While the CPI has the most salience with the public, the Federal Reserve prefers a different measure—the price index for personal consumption expenditures (PCE)—that provides a better gauge of overall price changes. This measure is compiled by the Bureau of Economic Analysis (BEA) in the Commerce Department and is an input into BEA’s calculation of gross domestic product (GDP).
The PCE index differs from the CPI in two important ways that make it a preferable measure. First, it uses a formula to combine (or aggregate) prices of different items that better captures shifts in buying patterns as consumers shift purchases away from items experiencing big price increases or toward items on sale. Second, it covers a wider set of items.
The CPI focuses on expenditures by households, and it only tracks prices of items purchased directly by households (so-called out-of-pocket expenditures). Thus, for example, medical care provided by an employer is out of scope for the CPI. In contrast, the PCE price index tracks prices of all items consumed by households because that is the relevant concept for adding up to GDP. Accordingly, the PCE index would include employer-provided medical care. These differences in the aggregation formula and coverage are important reasons for the Federal Reserve’s preference for the PCE index.

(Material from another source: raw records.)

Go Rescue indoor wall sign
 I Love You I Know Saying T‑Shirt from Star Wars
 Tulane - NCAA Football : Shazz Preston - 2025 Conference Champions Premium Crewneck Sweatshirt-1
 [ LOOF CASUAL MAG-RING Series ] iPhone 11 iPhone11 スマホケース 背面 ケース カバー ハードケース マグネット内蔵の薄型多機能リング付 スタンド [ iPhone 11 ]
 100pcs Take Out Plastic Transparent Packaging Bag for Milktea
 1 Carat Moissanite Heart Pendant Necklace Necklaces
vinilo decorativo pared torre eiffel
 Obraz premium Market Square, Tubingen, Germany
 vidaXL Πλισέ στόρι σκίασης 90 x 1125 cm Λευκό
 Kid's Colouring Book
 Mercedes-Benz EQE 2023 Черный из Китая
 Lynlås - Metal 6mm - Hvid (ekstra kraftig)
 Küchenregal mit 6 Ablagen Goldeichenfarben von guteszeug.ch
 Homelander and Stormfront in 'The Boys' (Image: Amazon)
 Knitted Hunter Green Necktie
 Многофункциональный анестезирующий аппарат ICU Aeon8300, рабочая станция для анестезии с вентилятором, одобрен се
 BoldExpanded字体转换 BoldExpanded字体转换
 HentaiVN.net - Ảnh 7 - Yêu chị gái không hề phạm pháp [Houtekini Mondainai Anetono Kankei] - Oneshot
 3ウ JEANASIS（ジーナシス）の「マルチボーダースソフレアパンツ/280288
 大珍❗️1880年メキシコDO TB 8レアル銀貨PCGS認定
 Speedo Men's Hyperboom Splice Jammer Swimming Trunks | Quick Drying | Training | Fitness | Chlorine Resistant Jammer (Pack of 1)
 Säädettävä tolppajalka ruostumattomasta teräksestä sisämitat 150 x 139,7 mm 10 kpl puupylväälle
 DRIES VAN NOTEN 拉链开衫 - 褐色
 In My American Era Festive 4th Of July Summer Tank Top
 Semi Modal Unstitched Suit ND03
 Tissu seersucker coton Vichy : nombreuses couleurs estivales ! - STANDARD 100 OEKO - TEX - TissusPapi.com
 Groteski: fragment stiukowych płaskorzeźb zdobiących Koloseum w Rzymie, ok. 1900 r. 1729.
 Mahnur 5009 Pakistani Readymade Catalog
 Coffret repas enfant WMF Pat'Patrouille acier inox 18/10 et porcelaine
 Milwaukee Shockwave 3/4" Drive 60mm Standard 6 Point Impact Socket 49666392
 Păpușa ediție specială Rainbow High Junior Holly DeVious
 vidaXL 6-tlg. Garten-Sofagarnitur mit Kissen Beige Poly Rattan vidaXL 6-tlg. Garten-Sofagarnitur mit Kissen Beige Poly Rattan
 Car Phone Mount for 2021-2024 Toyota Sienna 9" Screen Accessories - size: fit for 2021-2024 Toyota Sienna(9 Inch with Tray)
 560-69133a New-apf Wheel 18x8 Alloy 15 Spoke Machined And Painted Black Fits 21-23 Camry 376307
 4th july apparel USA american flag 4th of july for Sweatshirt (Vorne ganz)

Given the differences between the measures, PCE and CPI inflation can differ by notable amounts. Indeed, the latest read on twelve-month PCE price inflation was 6.8% for the overall index and 4.8% for the core index, lower rates compared with the 9.1% headline CPI and 5.9% core CPI for the same period. One important reason for this difference is that the expenditure shares of food, energy, and housing are smaller in the PCE index than in the CPI because PCE includes items not in the CPI and that dilutes the share of other items.
The Federal Reserve has a target for inflation of 2% for the overall PCE price index. On a PCE basis, current inflation readings are well above the Fed’s target (though not as far above as CPI inflation) and, accordingly, the Federal Reserve has been raising interest rates
to slow the economy and reduce inflation. The basic mechanism is that higher interest rates
are intended to tamp down spending.
Effects will be felt especially in sectors for which borrowing often is involved to finance purchases, including housing, other large-consumer purchases such as cars, and business investment. Indeed, the housing sector appears already to be slowing. Reduced spending should, in time, bring overall demand back into balance with the economy’s ability to produce goods and services and that balance should lead to lower inflation.
What this Means:
By any measure, inflation has surged in the past 18 months with rates well above the Federal Reserve’s 2% target. Although the headline CPI has received the lion’s share of media attention, other inflation measures are important and serve different purposes. Key differences include what is covered by the index and how prices of different items are combined to construct an overall index.
Moreover, some measures capture overall changes in the cost of living, while others focus more on the underlying trend in inflation. Another important aspect of official inflation measures is that they are designed to capture inflation for the “average” household, and most households’ inflation experience will differ from that reflected in official measures.
Daniel Sichel is an economics professor at Wellesley College. His research interests include macroeconomics, economic growth, technology, and economic measurement.